─── Records for this exercise

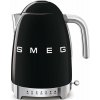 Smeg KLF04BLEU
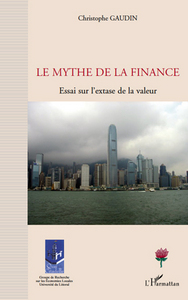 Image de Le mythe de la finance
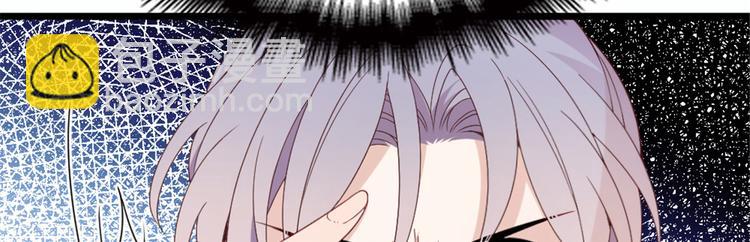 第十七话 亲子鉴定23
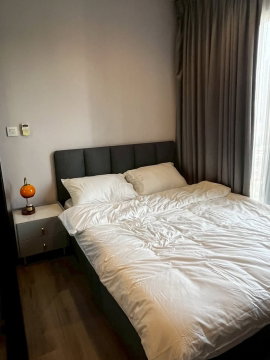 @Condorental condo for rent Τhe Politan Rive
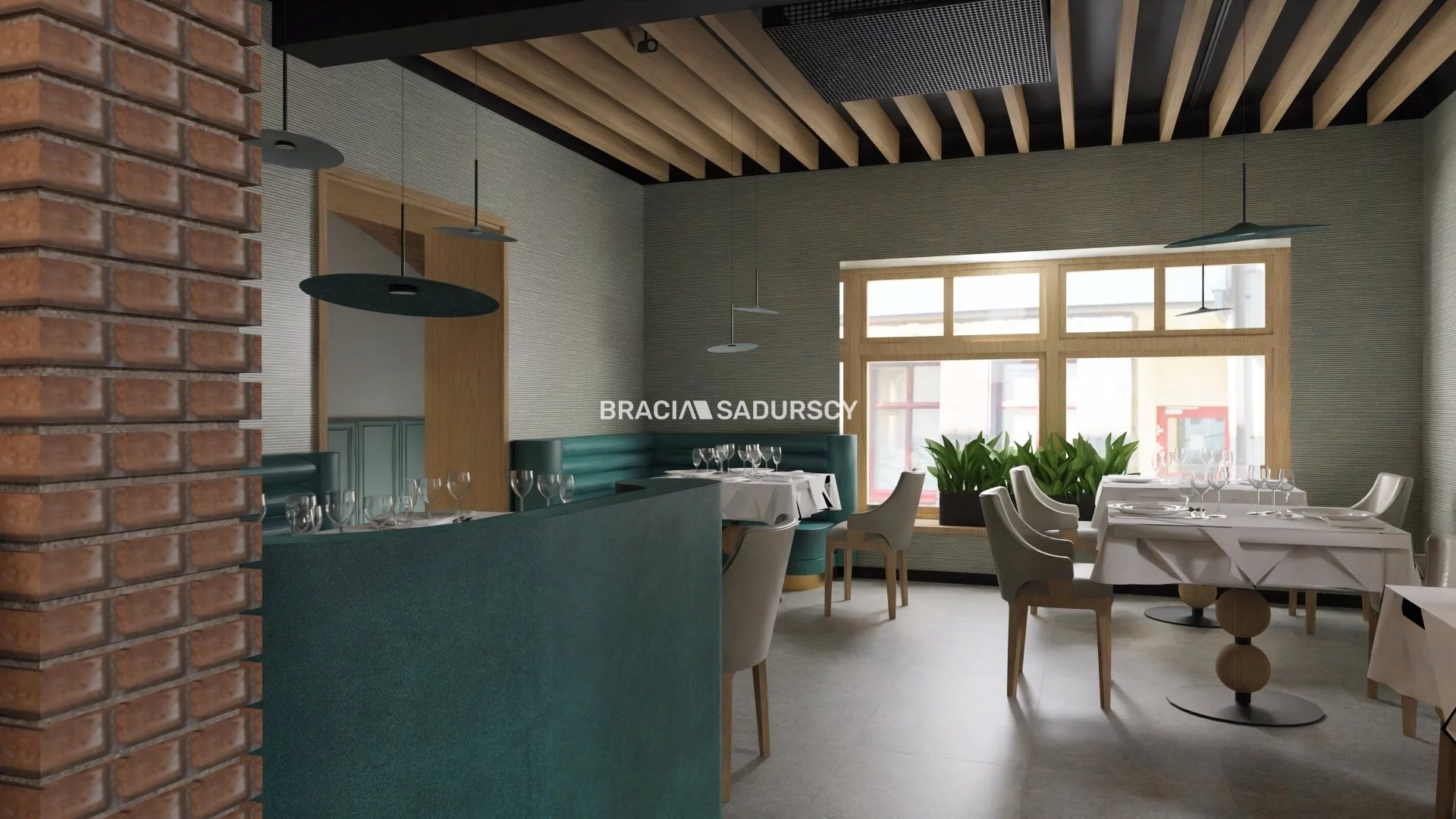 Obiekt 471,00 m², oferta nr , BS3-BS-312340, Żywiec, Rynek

──────

#### [What is required]
Repeat the records in full, exactly as they appear, but with the pictures removed.

#### [Result of this task]
 Smeg KLF04BLEU
 Image de Le mythe de la finance
 第十七话 亲子鉴定23
 @Condorental condo for rent Τhe Politan Rive
 Obiekt 471,00 m², oferta nr , BS3-BS-312340, Żywiec, Rynek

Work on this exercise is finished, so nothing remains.